Alejandro Urzúa, analista económico de la Facultad de Economía y Negocios (FEN) de la Universidad Andrés Bello (UNAB) y OpenBBK, presenta recomendaciones para disfrutar las celebraciones de Fiestas Patrias sin afectar el presupuesto familiar. El especialista alerta sobre los peligros de financiar gastos de celebración mediante crédito y aconseja evaluar críticamente las promociones comerciales.
Con la llegada de septiembre y el ansiado «18», los chilenos suelen experimentar cambios en su relación con el dinero. El aumento de temperatura, los días más largos y la llegada de asados, fondas y almuerzos familiares generan una sensación de libertad para gastar sin hacer cálculos detallados.
Sin embargo, según Urzúa, el problema emerge cuando termina la celebración. «Eso está bien, las Fiestas Patrias son para disfrutarlas; pero el problema aparece cuando la celebración termina y recién ahí comenzamos a sacar las cuentas», explica el analista. Advierte que cuatro o cinco días de gastos pueden extenderse hasta diciembre o más allá.
El primer consejo del experto es determinar con precisión cuánto dinero se puede destinar a las celebraciones sin comprometer el presupuesto del mes siguiente, más allá del cupo disponible en tarjetas de crédito. «Tener un cupo de crédito no significa necesariamente tener capacidad para endeudarse», señala Urzúa, alertando que financiar en cuotas una celebración de fin de semana puede generar problemas cuando llega el momento de pagar.
El académico también advierte sobre los gastos pequeños que se acumulan sin ser percibidos como relevantes individualmente. Ejemplifica con compras al supermercado, bebidas, estacionamiento, transporte y pedidos de última hora que, sumados, pueden sorprender al final del fin de semana.
Urzúa sugiere planificar aspectos básicos como el menú y las compras para evitar gastos innecesarios. Propone repartir los costos en eventos familiares como asados para aliviar el presupuesto de todos los participantes.
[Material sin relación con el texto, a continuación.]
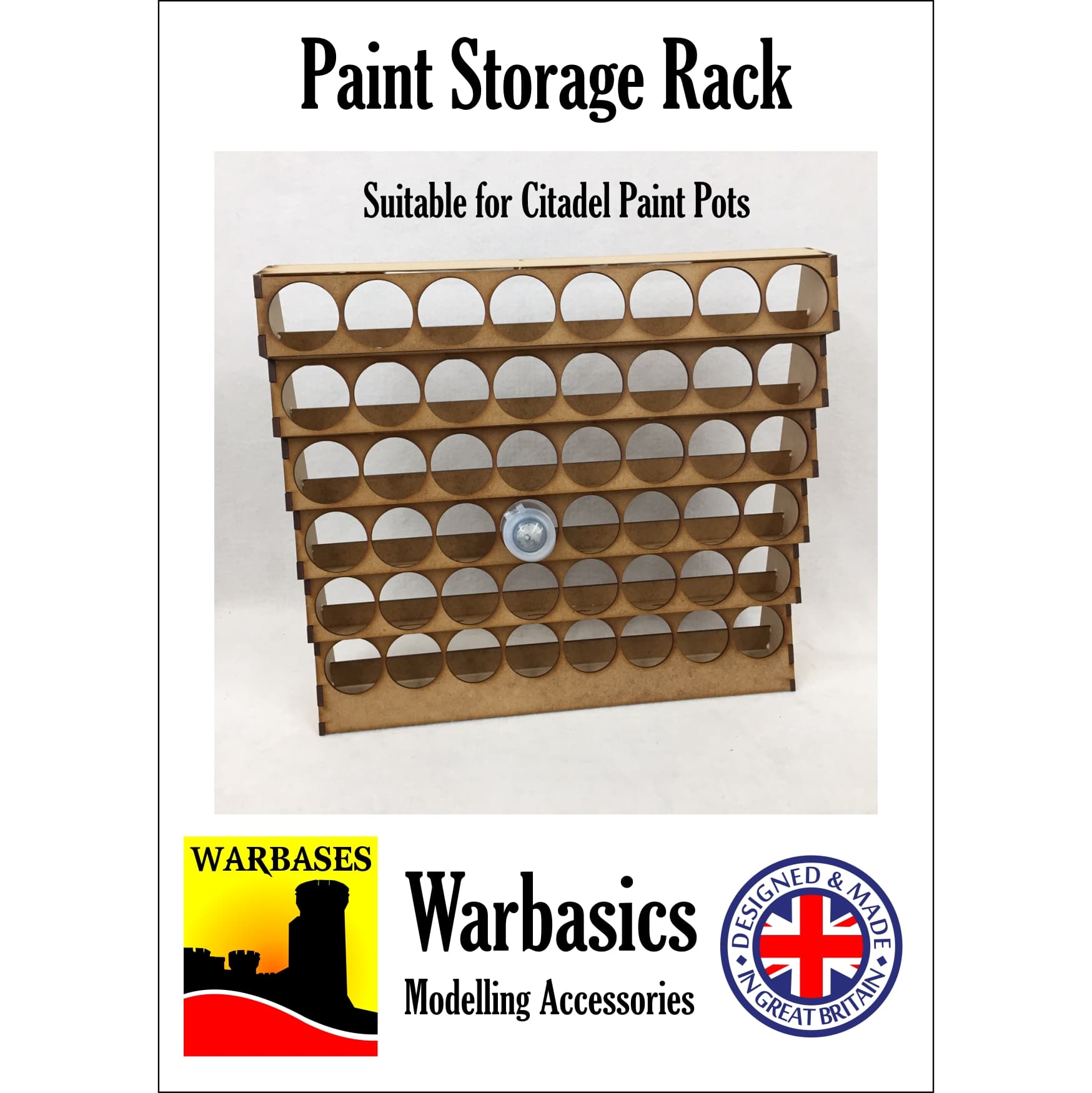 Paint Storage Racks Upright Style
Respecto a las promociones, el analista recomienda verlas con distancia crítica. «No toda oferta es realmente un ahorro. Comprar más de lo que necesitamos porque el segundo producto tiene descuento puede ser una buena noticia para el comercio, pero no necesariamente para nuestro bolsillo», sostiene.
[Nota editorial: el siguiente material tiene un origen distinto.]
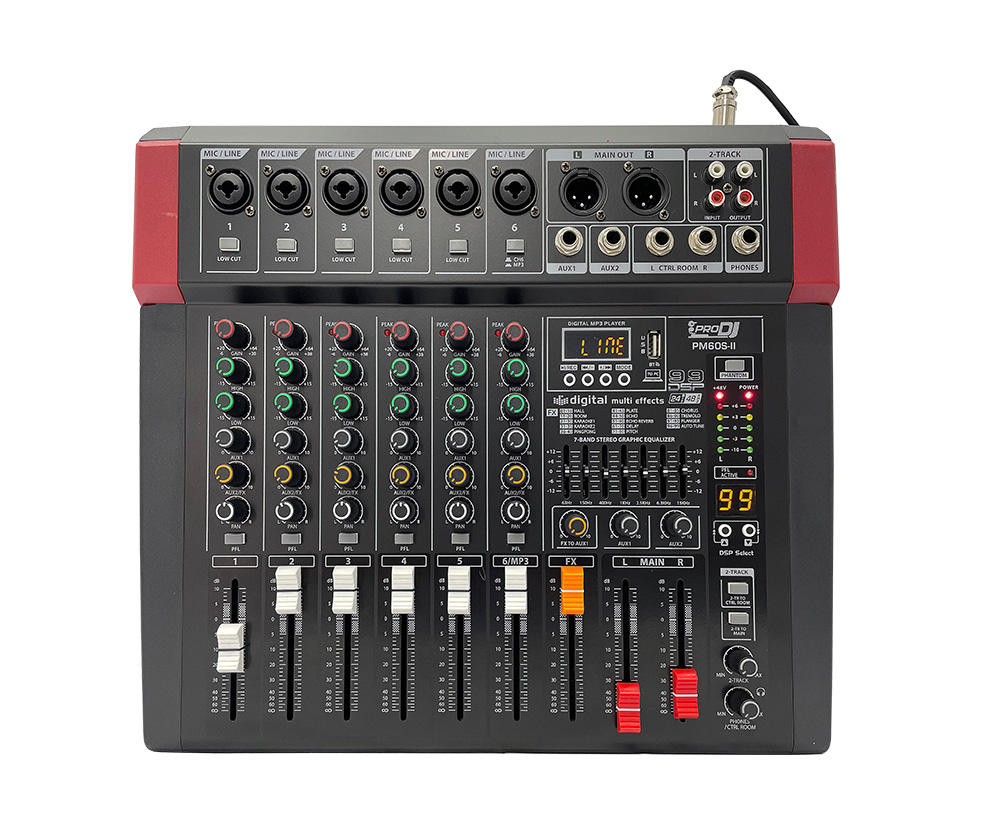 Mezclador Análogo Pro DJ PM60S-II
Para quienes reciben aguinaldo, Urzúa insta a reflexionar sobre su uso. Advierte que es común considerar este dinero como «extra» y gastarlo sin culpa, olvidando que después del «18» vienen octubre, noviembre y diciembre, siendo este último uno de los meses más caros del año para las familias. Recomienda destinar una parte del aguinaldo a disfrutar, pero no gastarlo completamente.
El experto concluye que ordenar las finanzas no significa dejar de vivir, sino tener claridad sobre qué se puede hacer hoy sin hipotecar la tranquilidad futura. «Las Fiestas Patrias se disfrutan mucho más cuando no existe esa desagradable sorpresa de revisar la cuenta a fin de mes. Celebrar, sí. Disfrutar, también. Pero si después del ’18’ seguimos pagando durante meses lo que consumimos en unos pocos días, probablemente la fiesta nos terminó saliendo bastante más cara de lo que pensamos», concluye Urzúa.